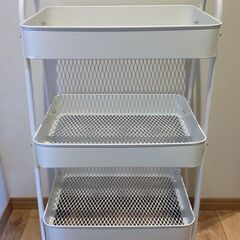 【GW価格】キッチンワゴン 収納カート バスケットトローリー スチール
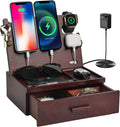 Nightstand Organizer with Drawer Built in 4 USB Quick Charger, Wood Phone Docking Station with Dual Phone Charging Station for Apple Android Phones Anniversary Birthday Gifts for Men Dad Hunsband Mom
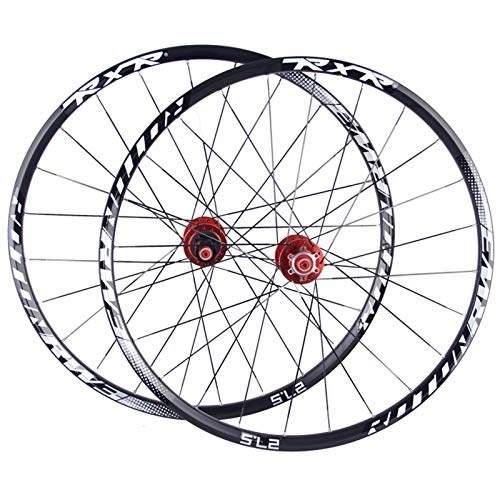 Mountain Bike Wheel : MZPWJD 26 27.5 29" Bicycle Wheelset MTB Bike Wheel Double Wall Rims Quick Release Wheel Disc Brake 7 Sealed Bearings Hub For 7-11 Speed Cassette Flywheel (Color : Black, Size : 27.5inch)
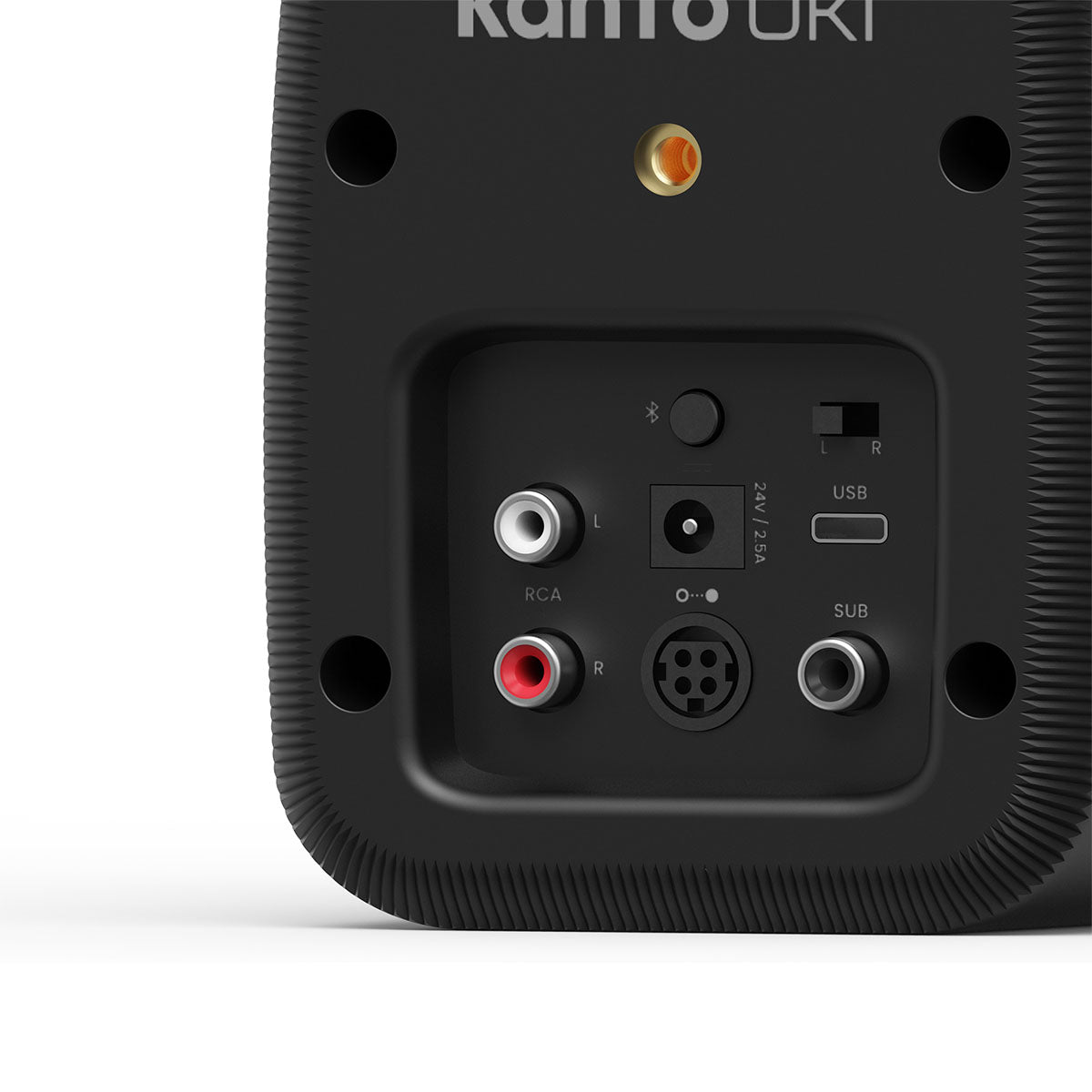 Kanto UKI Compact Desktop Speakers - Onyx - zoomed view of rear components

Task statement
Exactly as given, set down each line of the material, but include no pictures.

Result for this exercise
 【GW価格】キッチンワゴン 収納カート バスケットトローリー スチール
 Nightstand Organizer with Drawer Built in 4 USB Quick Charger, Wood Phone Docking Station with Dual Phone Charging Station for Apple Android Phones Anniversary Birthday Gifts for Men Dad Hunsband Mom
 Mountain Bike Wheel : MZPWJD 26 27.5 29" Bicycle Wheelset MTB Bike Wheel Double Wall Rims Quick Release Wheel Disc Brake 7 Sealed Bearings Hub For 7-11 Speed Cassette Flywheel (Color : Black, Size : 27.5inch)
 Kanto UKI Compact Desktop Speakers - Onyx - zoomed view of rear components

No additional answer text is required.